The first in depth photo project I did in Cambodia was focused on the forced eviction of the Borei Keila community. A year later, the situation barely seems to have changed. The residents of Borei Keila are still waiting on adequate compensation from either the government or the land development corporation, and it doesn’t seem like either entity has made the issue a top priority.
In an attempt to force a resolution to the situation, the residents turned to one of the only weapons at their disposal: public protest.
Marches and rallies have becoming increasingly popular in Phnom Penh, and the ubiquity of smartphone-toting citizen journalists suggests that Cambodians are taking cues from the Arab Spring uprisings.
On October 30th, the residents of Borei Keila met at 8.30 in the morning to began their march.
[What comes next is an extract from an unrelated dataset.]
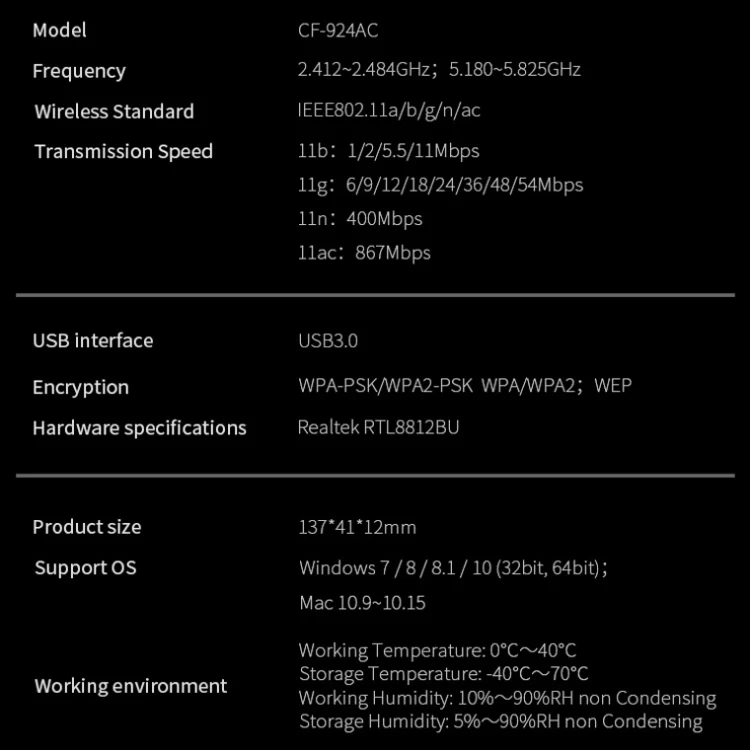 COMFAST CF-924AC V2 1200Mbps Dual Frequency Gigabit USB Computer WIFI Receiver High Power Wireless Network Card - Image 10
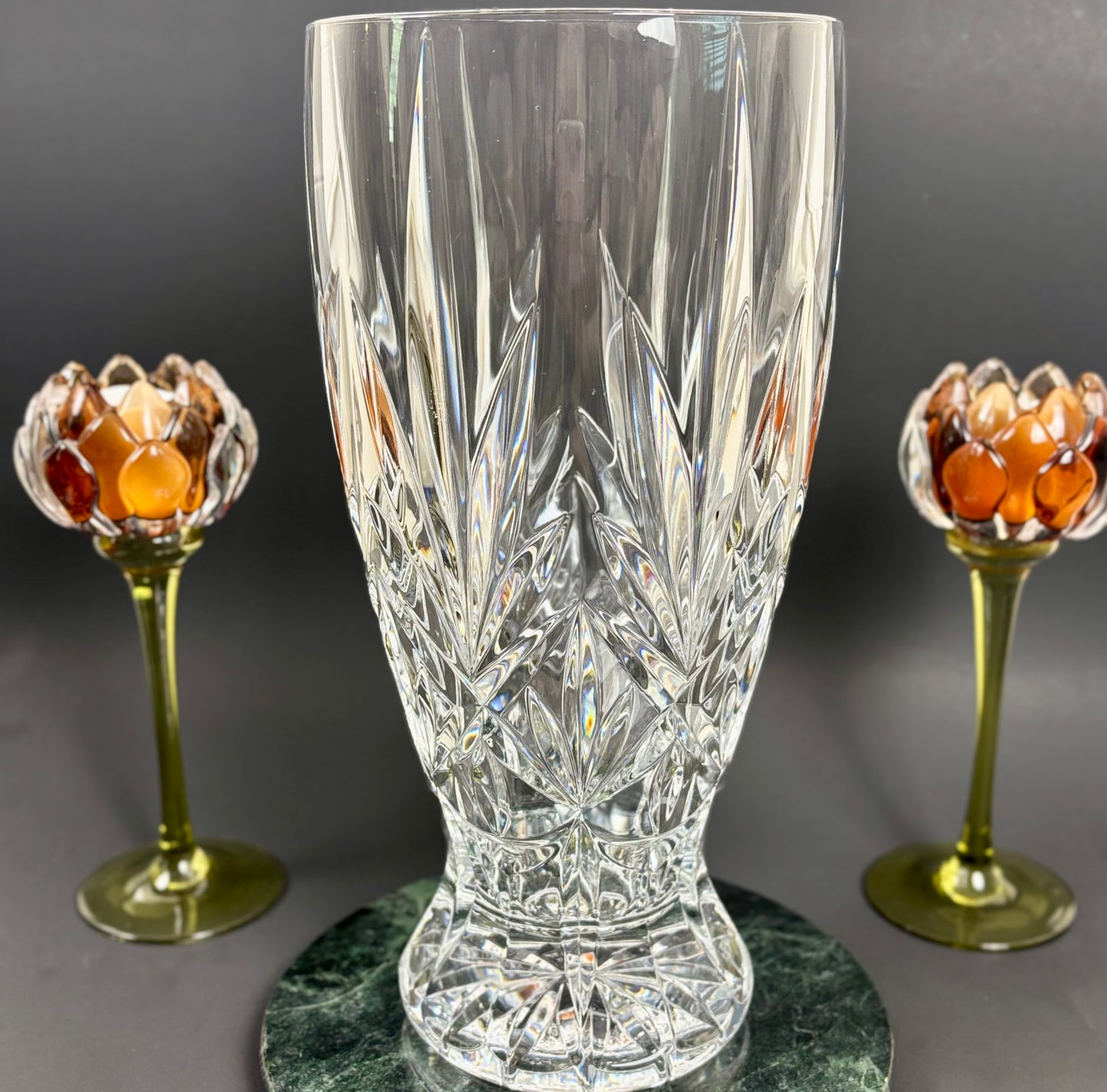 Large Cut Crystal Vase | ⋆˙⟡ | Heavy Crystal Floral Vase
But before they had set out from their community, the police had established the first of many road blocks the day would see.
With this initial obstacle overcome, the protestors marched out of Borei Keila and towards the Peace Palace – the ironically named building which houses the offices of the top government officials.
It only stands to reason that a violent reaction from the officers would bring much needed international attention to the Borei Keila cause , and so for nearly an hour they pushed, jostled, and attempted to generally provoke the police as they shouted their message.
Though the regular police forces acted with relative restraint, when the protestors left the Peace Palace and blocked traffic on Monivong Boulevard near City Hall, more aggressive blue-clad security officers moved into the fray and seized an unidentified man from the crowd. Neither Cambodian nor foreign journalists were able to learn why this man was targeted; rumours circulated that they had actually been after a journalist and had taken the wrong person.
Rumours aside, the man wan dragged inside the walled City Hall compound and allegedly beaten. In response, the protestors rushed the gates and threw food and debris over the fence, but the fate of the man was unclear.
In the face of this violence, the marchers returned to Borei Keila to plan their next move, postponing plans to occupy a building being built by the same land developer responsible for their evictions years before.
The issue of land grabbing and forced evictions in Cambodia is ongoing, and this protest was just one event in what will surely be an ongoing campaign.